The terms came together after a day of brinksmanship and strife.
Pressed in Brussels to accept additional burdens on nation’s banks, Mr. Anastasiades told officials including Christine Lagarde, head of the monetary fund, that accepting harsh terms might force him to step down. A message posted to his Facebook page suggested a stormy meeting.
Wolfgang Schäuble, the German finance minister, called for a rapid resolution. “But that, of course, depends on the people in Cyprus having a somewhat realistic view of the situation,” he said.
Lenders are demanding that Cyprus raise 5.8 billion euros before it can get the bailout.
As the negotiations lasted into the night, people cursed being in the dark about their fate.
“They have confused us so much over the past week, we don’t have any idea what is going on,” said Rami Suleiman, a successful Cyprus businessman who owns six shops, two hotels and a restaurant.
Back in his office after a trip to a cash machine that resulted in only 100 euros and not the 260 he sought, Mr. Suleiman settled at his desk, piled with receipts from his previous trips to get cash, and began combing TV channels to find out what had happened at an emergency meeting in Brussels between international lenders and leaders from Cyprus.
“Nothing. Nothing. Nothing. There is no news at all,” he said, lamenting the uncertainty that has pushed him and others here into a state of quiet despair about the future of their country.
While Mr. Anastasiades, who took office less than a month ago, has faced mounting criticism from many Cypriots for his handling of the crisis, he was cheered like a soccer star before a big game by a dwindling band of die-hard fans Sunday. “Go Nikos, Go!” wrote Danae Karayianni on the Facebook page of the president’s pre-election campaign headquarters. “Don’t back down president. We are with you and fully supporting you,” wrote another supporter.
But Bill Vasilias, the owner of a kebab restaurant in Nicosia’s old town, fumed that Cyprus’s leaders had again gone cap in hand to Brussels less than a week after the Cypriot Parliament emphatically rejected a bailout deal sealed during overnight talks on March 16. He said he expected another long night in Brussels that would bring only more trouble for Cyprus, no matter what is or is not decided.
“In one night, Cyprus will be finished,” he said, complaining that his business had suffered badly. “Nobody has money. We have lost everything.”
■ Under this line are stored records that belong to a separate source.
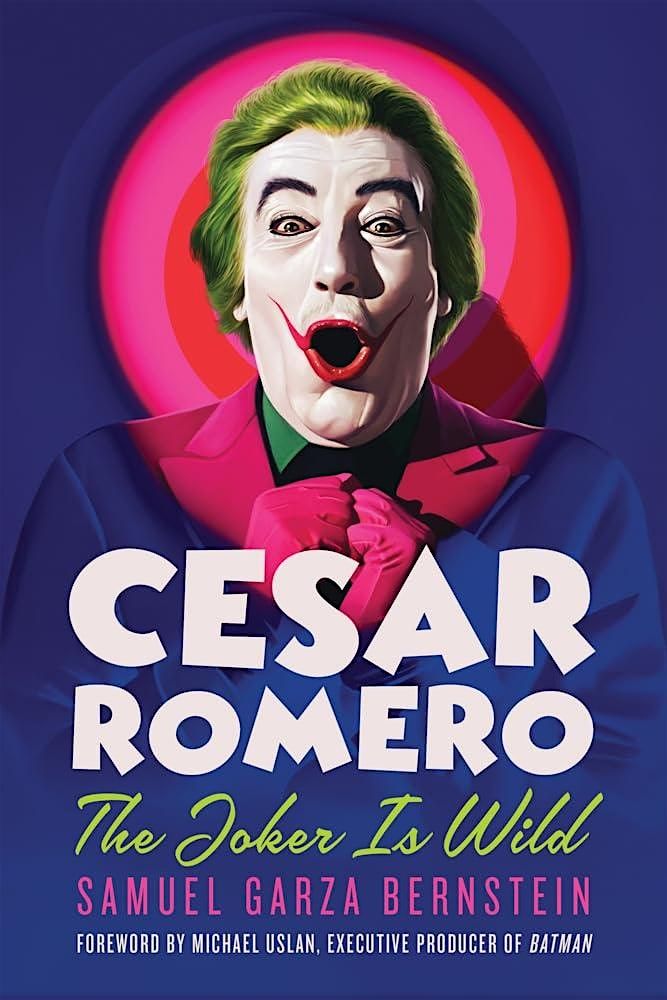 Samuel Garza Bernstein "Cesar Romero: The Joker Is Wild"  8/27 at 6pm, 27 August | Event in Boston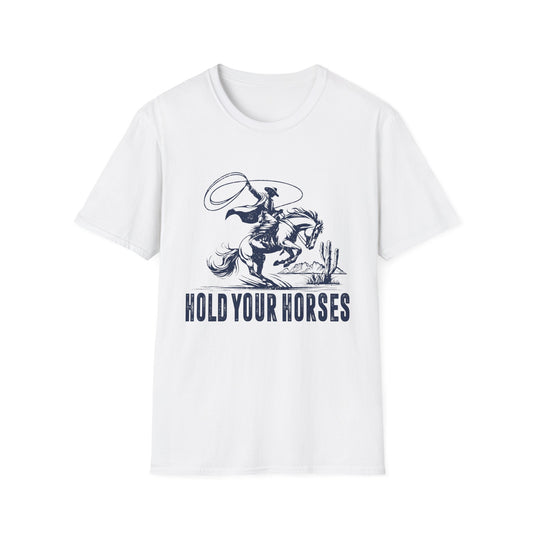 Hold Your Horses Men's Softstyle T-Shirt
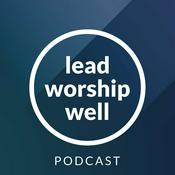 Podcast Lead Worship Well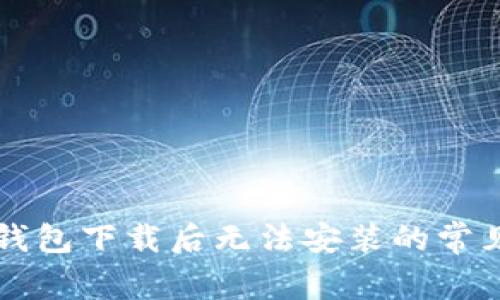 为什么Tp钱包下载后无法安装的常见原因分析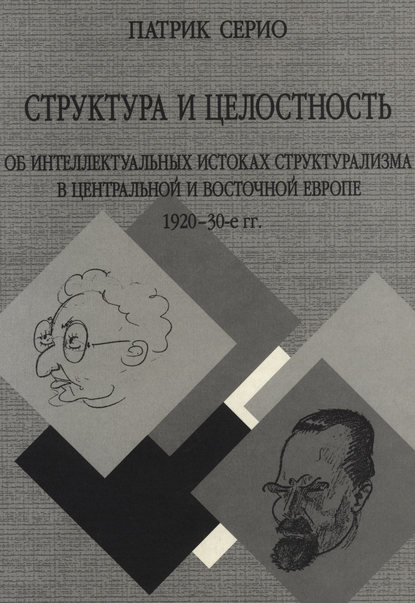 Книга Патрик Серио, Н. С. Автономова Структура и целостность: Об интеллектуальных истоках структурализма в Центральной и Восточной Европе. 1920–30-е гг.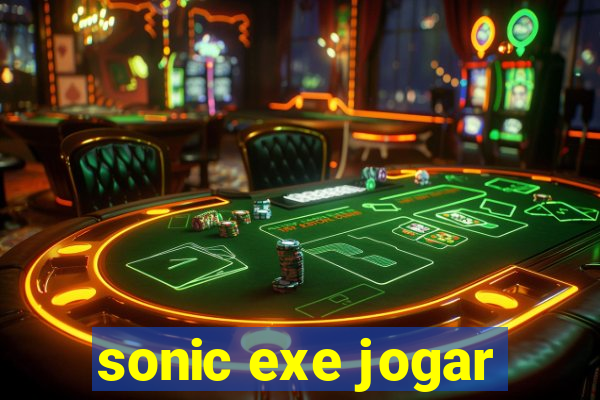 sonic exe jogar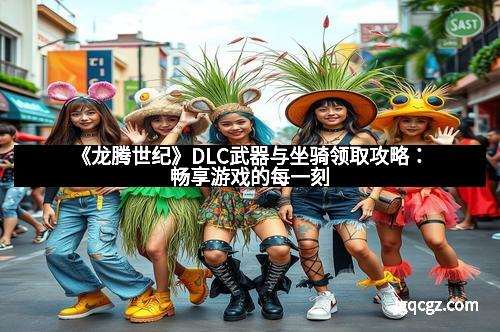 《龙腾世纪》DLC武器与坐骑领取攻略：畅享游戏的每一刻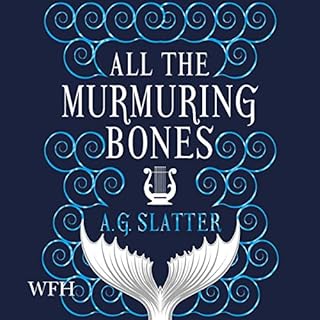 All the Murmuring Bones Audiolibro Por A.G. Slatter arte de portada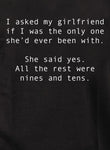 I asked my girlfriend if I was the only one she’d ever been with Kids T-Shirt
The culprits, he added, echoing a view widely shared across the country, were Germany and its chancellor, Angela Merkel. “There are 27 countries in the European Union: 26 lose and only one wins.”
Mr. Suleiman, the hotel and restaurant owner, said his own businesses had not taken a hit yet, but he was finding it harder and harder to keep his operations running. He wishes Cyprus would just dump the euro and go back to its old currency, the pound, as that would at least allow it to make its own decisions and stop having to haggle in Brussels with 26 other countries before decisions are taken.
“We can’t take it anymore. Just give us an answer: Are we in or are we out? We have to know what is happening.”